Core Concepts
The author proposes a hierarchical visual-motion fusion framework that leverages event as a bridge between RGB and LiDAR to improve scene flow by fusing complementary knowledge in homogeneous spaces.
Abstract
The content introduces a novel approach to scene flow estimation by utilizing event as a bridge between RGB and LiDAR. The proposed hierarchical fusion framework explores visual luminance, structure, and motion correlation spaces to enhance scene flow progressively. Extensive experiments on synthetic and real datasets validate the effectiveness of the method in improving all-day scene flow performance.
Single RGB or LiDAR sensors are commonly used for challenging scene flow tasks, relying heavily on visual features. Existing methods adopt fusion strategies to combine cross-modal knowledge but may suffer from modality gaps. The proposed method introduces event as a bridge between RGB and LiDAR, leveraging its homogeneous nature in both visual and motion spaces.
In the visual space, event complements RGB for high dynamic imaging and complements LiDAR for structure integrity. In the motion space, RGB, event, and LiDAR exhibit spatial-dense, temporal-dense, and spatiotemporal-sparse correlations respectively. The hierarchical fusion framework progressively improves scene flow by fusing multimodal knowledge from visual to motion spaces.
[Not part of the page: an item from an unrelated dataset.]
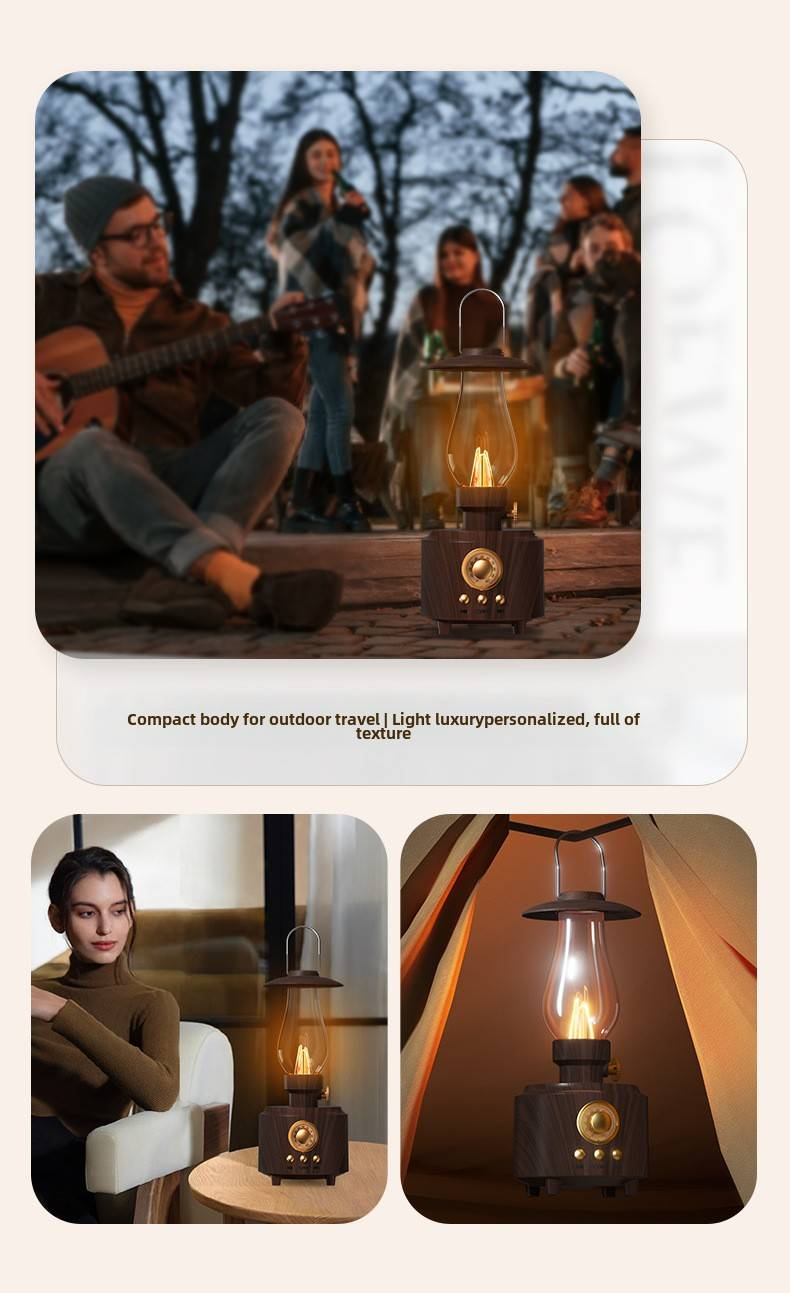 Altoparlante lampada retrò - Connettività Bluetooth, design classico della lampada a cherosene, impermeabile IPX4, scheda TF supportata, con batteria integrata per l'illuminazione_voghion.com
The study compares different methods on synthetic and real datasets, demonstrating the superiority of the proposed hierarchical fusion approach. By leveraging complementary knowledge across modalities in homogeneous spaces, the method achieves state-of-the-art performance in all-day scene flow estimation.
Stats
EPE: 0.084 (VisMoFlow)
ACC: 70.34% (VisMoFlow)
Quotes
"The proposed hierarchical fusion can explicitly fuse the multimodal knowledge to progressively improve scene flow from visual space to motion space."
"We bring the auxiliary event as a bridge between RGB and LiDAR modalities."